● WORK TASK:
Your task is to transcribe each record exactly and to omit every image.

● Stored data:
::::

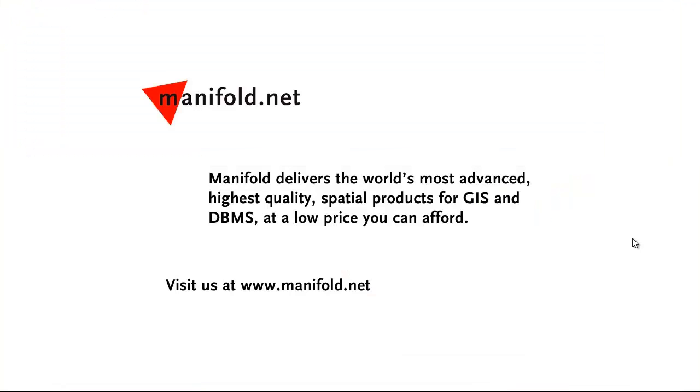Well, that was fun. If you want to see more, visit us at www.manifold.net. As always, Manifold delivers the world's most advanced, highest-quality spatial products for GIS and DBMS at a low price that you can afford. Once again, that's www.manifold.net. See you soon.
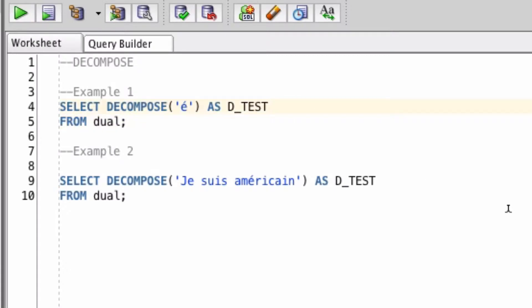Let's take a look at an example here. We're going to run the function just on this single character, which is an E with an accent over the top. I've given it a column alias to make it easier to read.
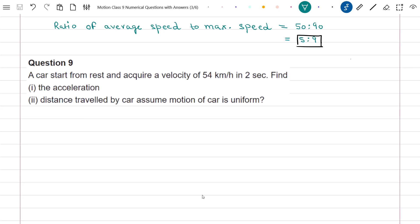Question 9 states that a car starts from rest and acquires a velocity of 54 km per hour in 2 seconds. Find the acceleration, and in the second part, find the distance travelled by the car. Since the car starts from rest, initial velocity v_i is equal to 0. Final velocity is equal to 54 km per hour and time t is equal to 2 seconds.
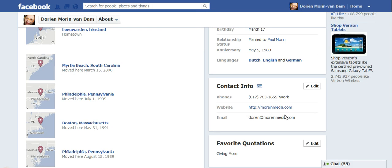Doreen Morin with MorinMedia, showing you how to change your default email setting from Facebook.com to your regular email that you want to use.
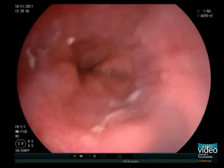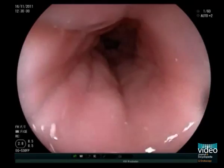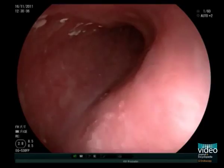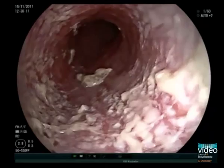The mucosa of the distal esophagus appears normal. However, when pulling back the endoscope, white and yellowish plaque-like lesions are seen.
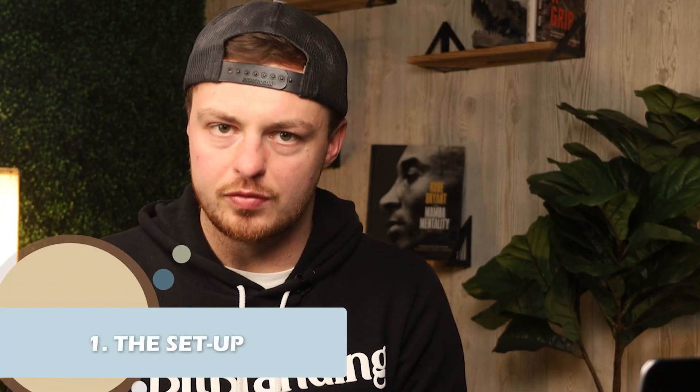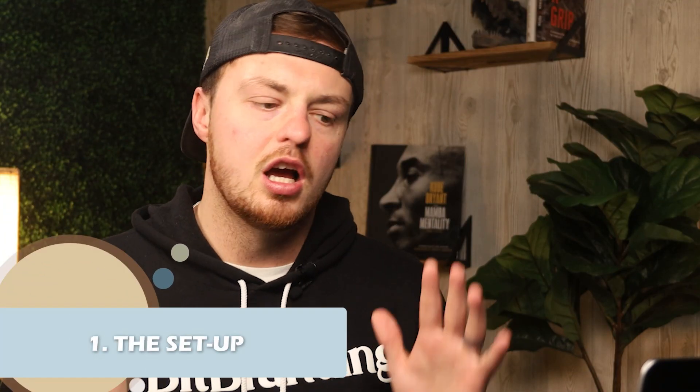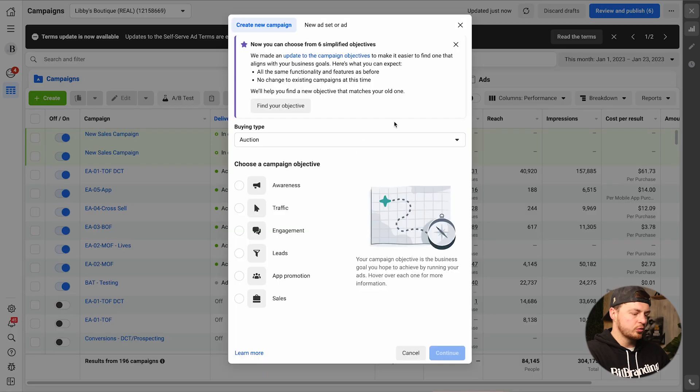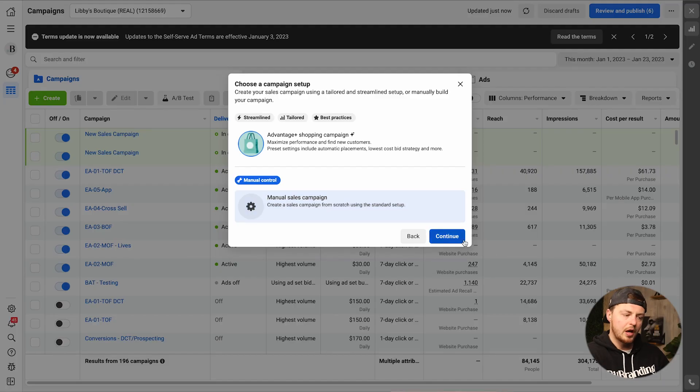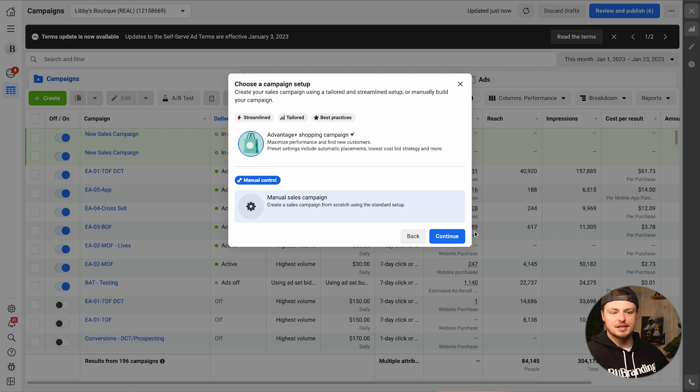Number one: the setup. We are inside of Ads Manager. I'm going to show you step by step how to build this. Hit the create button — we're going for sales, 99% of the time always. You can do the Advantage+ shopping campaign; I've seen success with it. But to give you more control, I'm going to go the manual route. The new sales campaign — we're going to call this our 'New Spring Collection.' Scroll through, turn on Advantage+ campaign budget. I like to spend $100 a day.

::::

● TASK RESPONSE:
Well, that was fun. If you want to see more, visit us at www.manifold.net. As always, Manifold delivers the world's most advanced, highest-quality spatial products for GIS and DBMS at a low price that you can afford. Once again, that's www.manifold.net. See you soon.
Let's take a look at an example here. We're going to run the function just on this single character, which is an E with an accent over the top. I've given it a column alias to make it easier to read.
Question 9 states that a car starts from rest and acquires a velocity of 54 km per hour in 2 seconds. Find the acceleration, and in the second part, find the distance travelled by the car. Since the car starts from rest, initial velocity v_i is equal to 0. Final velocity is equal to 54 km per hour and time t is equal to 2 seconds.
Doreen Morin with MorinMedia, showing you how to change your default email setting from Facebook.com to your regular email that you want to use.
The mucosa of the distal esophagus appears normal. However, when pulling back the endoscope, white and yellowish plaque-like lesions are seen.
Number one: the setup. We are inside of Ads Manager. I'm going to show you step by step how to build this. Hit the create button — we're going for sales, 99% of the time always. You can do the Advantage+ shopping campaign; I've seen success with it. But to give you more control, I'm going to go the manual route. The new sales campaign — we're going to call this our 'New Spring Collection.' Scroll through, turn on Advantage+ campaign budget. I like to spend $100 a day.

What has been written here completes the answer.